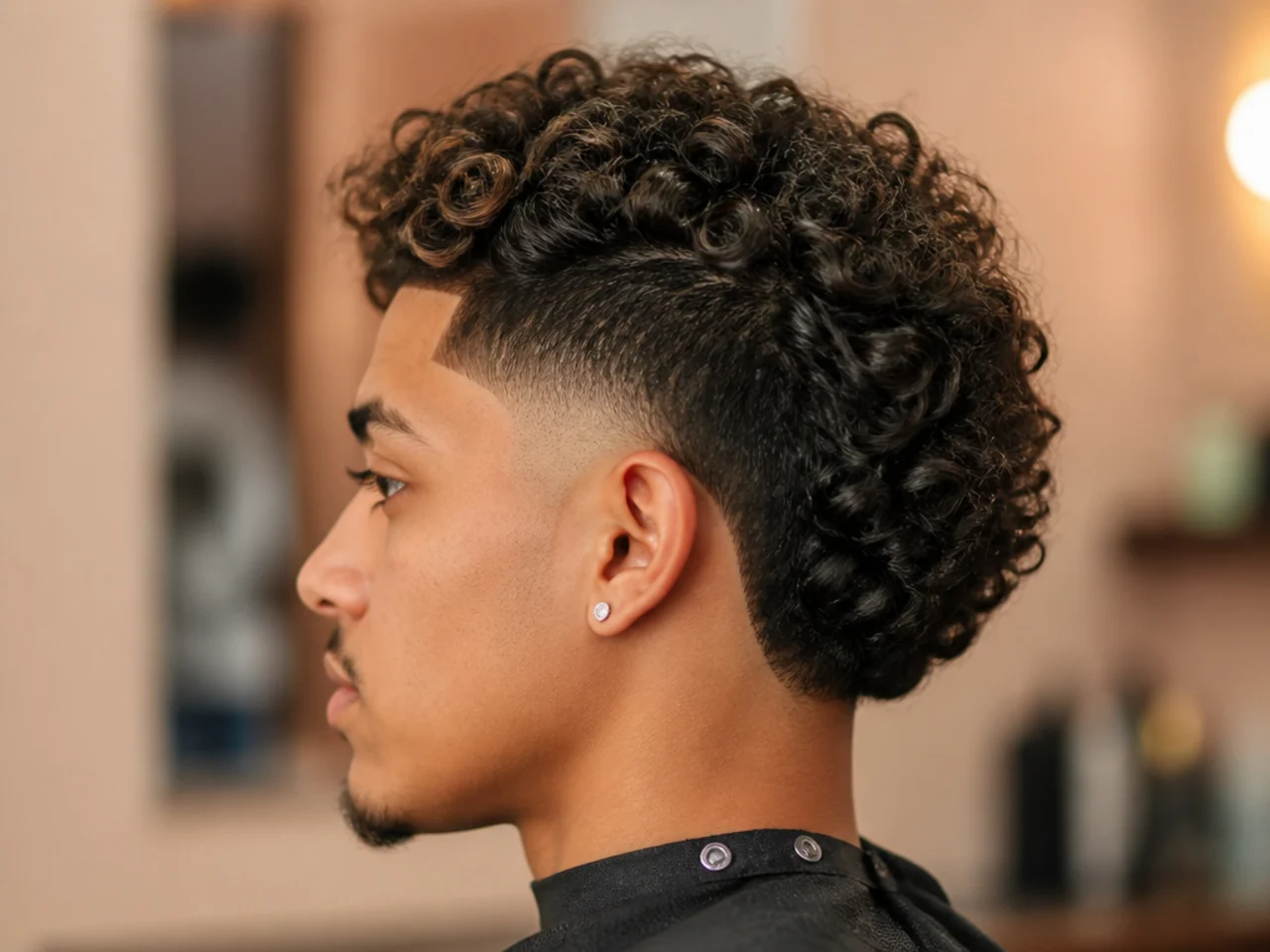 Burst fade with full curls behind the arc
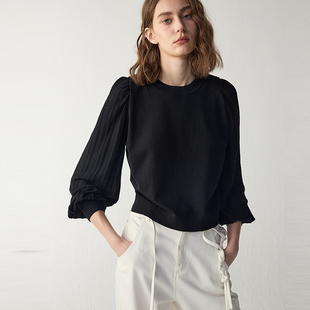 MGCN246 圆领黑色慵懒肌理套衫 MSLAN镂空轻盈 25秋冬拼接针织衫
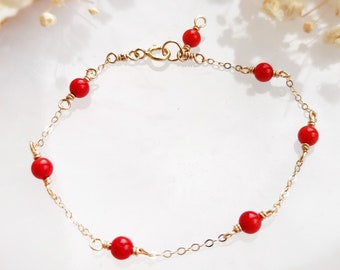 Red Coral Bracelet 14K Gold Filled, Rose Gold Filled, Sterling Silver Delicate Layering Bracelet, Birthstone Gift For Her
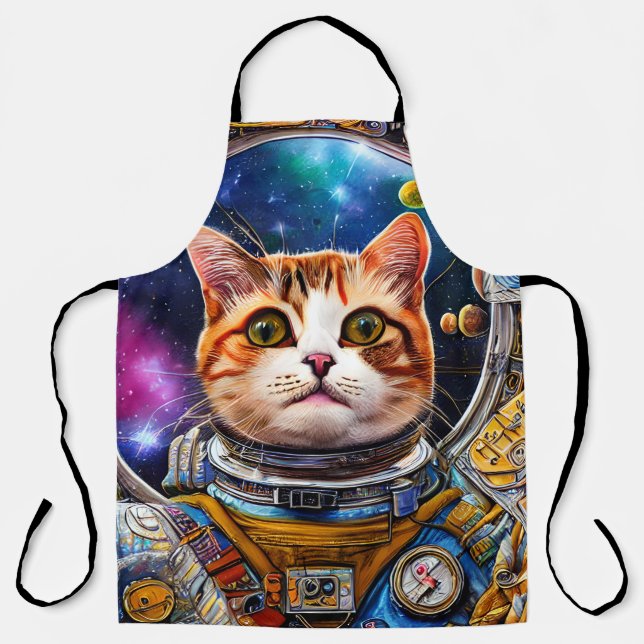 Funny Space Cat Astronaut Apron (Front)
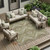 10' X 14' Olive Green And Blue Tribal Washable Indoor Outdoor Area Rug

_ _ _

**ABOUT THIS EXERCISE:**
This task calls for the lines from the line holding "Funny Space Cat Astronaut Apron (Front)" through the last line above, restated word for word with both ends included and the pictures dropped.

**ANSWER SPACE:**
 Funny Space Cat Astronaut Apron (Front)
 10' X 14' Olive Green And Blue Tribal Washable Indoor Outdoor Area Rug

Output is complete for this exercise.